The idea that makes research powerful, is that once you have found something new, others can validate your findings. This has not been the case with the papers that were referenced the most.
There is a difference between research and reporting findings. As long as you are just researching, you could violate every principle and rule and still not cause any damage. When you report findings, any findings at all, you have a responsibility for how others are influenced by your reporting.
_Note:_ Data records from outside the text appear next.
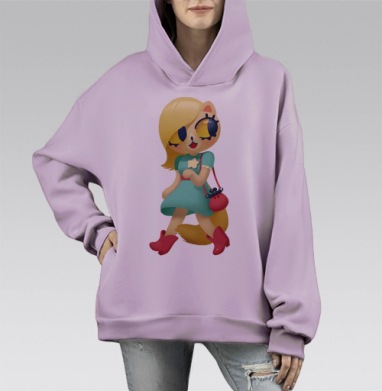 Милая антропоморфная лиса в элегантном платье, Hoodie Mono Fiolet, оверсайз, утепленная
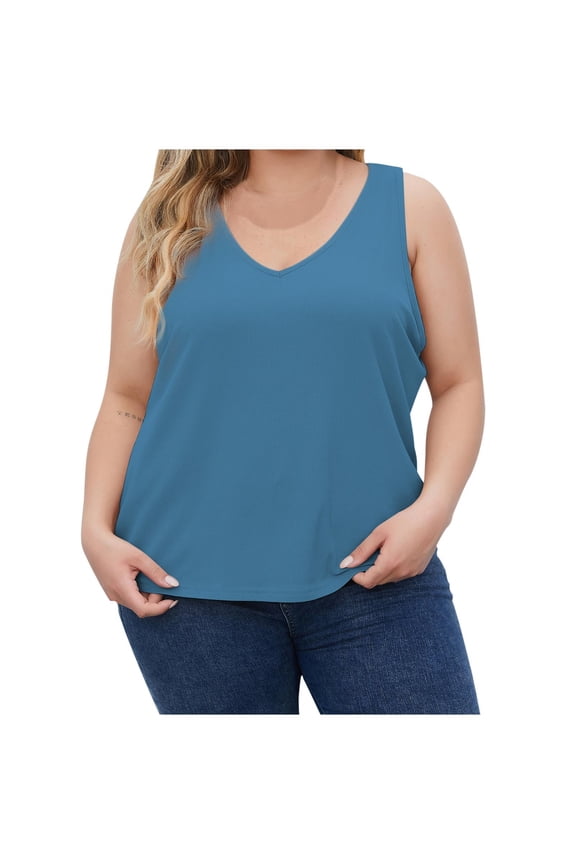 Ersazi Shirts for Women Women's 2024 Summer Solid Color V-Neck Thread Sports Large Size Tops for Outer Wear Bottoming Slim Short Tops Blue Xl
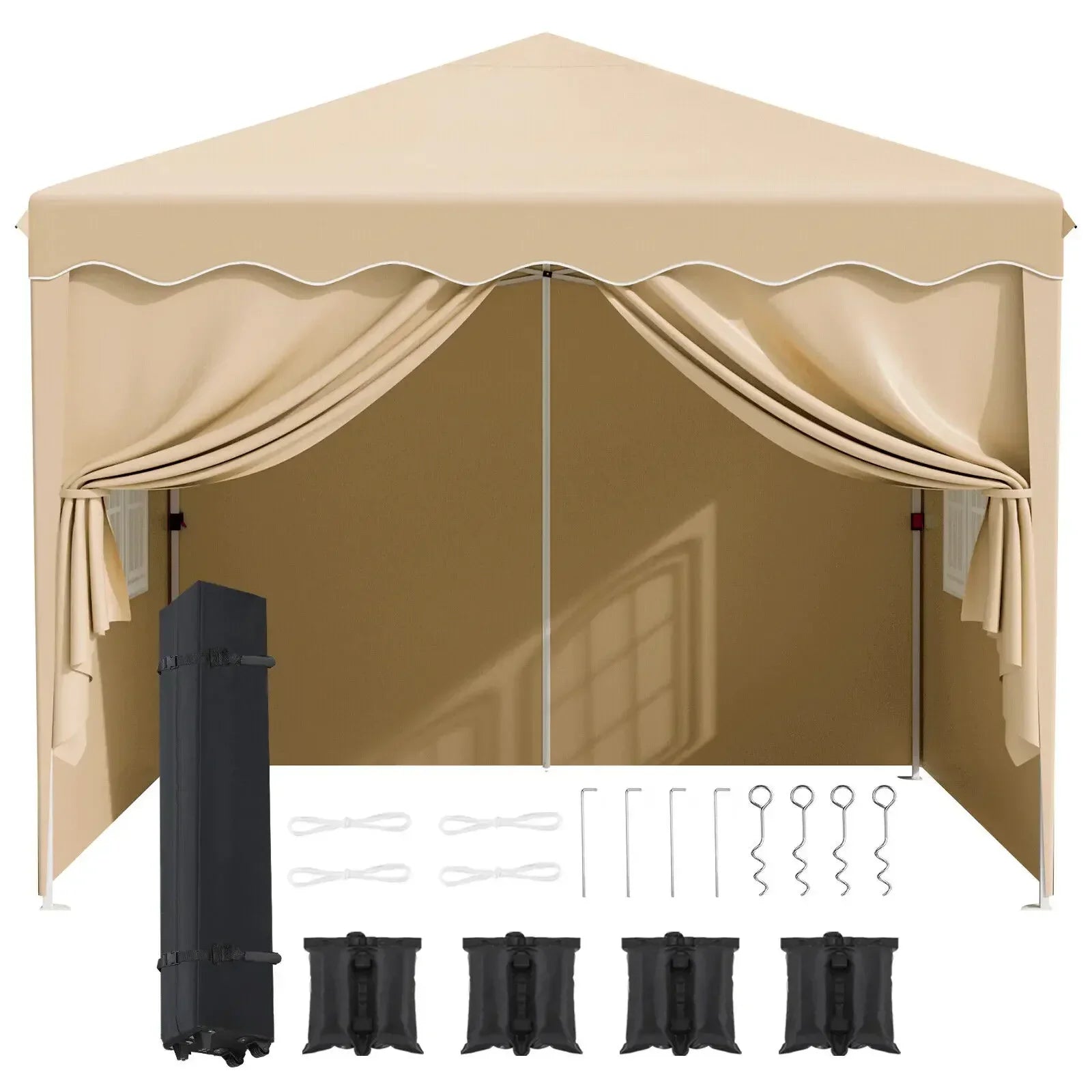 3x3m Sunshade Gazebo Portable Outdoor Rainproof Tent Adjustable Sides Party Garden Picnic Shade Shelter Include Top Canopy Frame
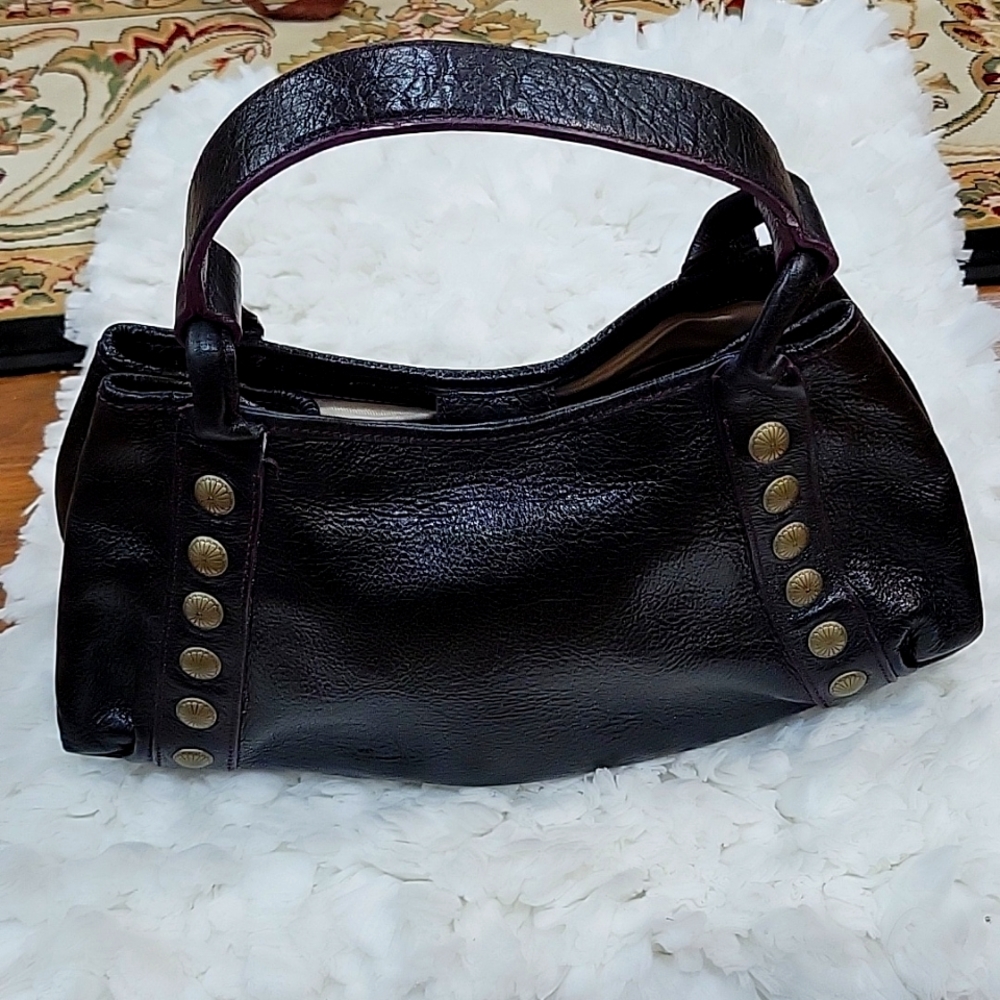Gianni Bini black leather handbag purse copper brads magnetic closure EUC …
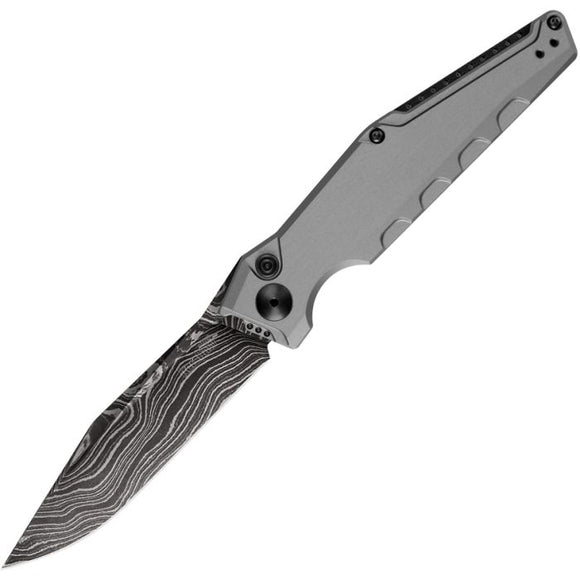 Kershaw Automatic Launch 7 Knife Button Lock Gray Aluminum Damascus Blade 7900GRYDAM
Whenever research findings are reported, at least the following should be present:
- methodology is explained
- known caveats are explained together with methodology
- sampling and possible violations are explained
- a theoretical background (storyline) is provided
In terms of evidence, there are two very important guidelines:
- if you claim something to be true, provide evidence for it
- if you provide evidence, make sure it’s relevant to your claim
Also I would never publish anything before I had checked it with at least a few peers. I prefer someone more academic, as they tend to be better trained for reviewing such information.
This is the absolute minimum of what constitutes research when findings are reported. If you have doubt about a paper being research, it’s probably not.
WHAT IS NOT RESEARCH?
Everything else is not research. Therefore it should be clearly labeled as marketing, to avoid confusion in the media or with decision makers.
Marketing reports should not use technical titles like “botnet” or “baseline”.
NOT RESEARCH — BOT BENCHMARK REPORT BY WHITEOPS
I had tried to connect with WhiteOps using various means and with all together three different people. Given it’s a small company, I stopped trying.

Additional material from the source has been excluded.